Endowment mortgages made its appearance in the U.K. as early as the 1970s. When they were originally introduced to the U.K. customers, they were linked to the ‘with profits’ policies, which later switched to ‘unit linked’ policies in which the value of the insurance amount depended greatly on the stock market price fluctuations. At the initial stage, these endowment mortgages offered very less monthly repayments when compared to the regular repayment mortgages along with the attraction of a cash benefit from the lump sum insurance returns. More and more people began to buy the endowment mortgage policies offered originally by life insurance companies that wanted to monopolize the highly profitable mortgage market in the country. The endowment mortgages gave the borrowers the freedom to own a house without having to bother about paying a huge amount every month as loan premium. Instead, they paid only the interest and left everything else to the endowment policy.

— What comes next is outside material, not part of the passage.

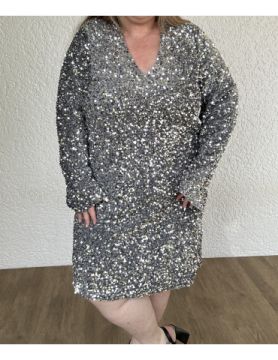 Robe argentée à sequins MELINE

However, this boom was not to last for too long. The mis-selling of endowment mortgages became widespread which was mostly the result of selling the wrong policies for a hefty commission; the assurance of paying off the capital seemed no more valid as the amount that the insurer received was not sufficient to repay the loan. The borrowers had to find other ways to meet their financial crisis; they began to surrender or sell their policies. Surrendering the policies to the life insurance company for a value they decided was not suitable for many; they sold their policies to third parties that offered more than the surrender value. Buying endowment policies from the borrowers of mortgage loans became an industry in the U.K. leading to the establishment of Traded Endowment Specialists that acted as intermediaries to buy and resell the policies.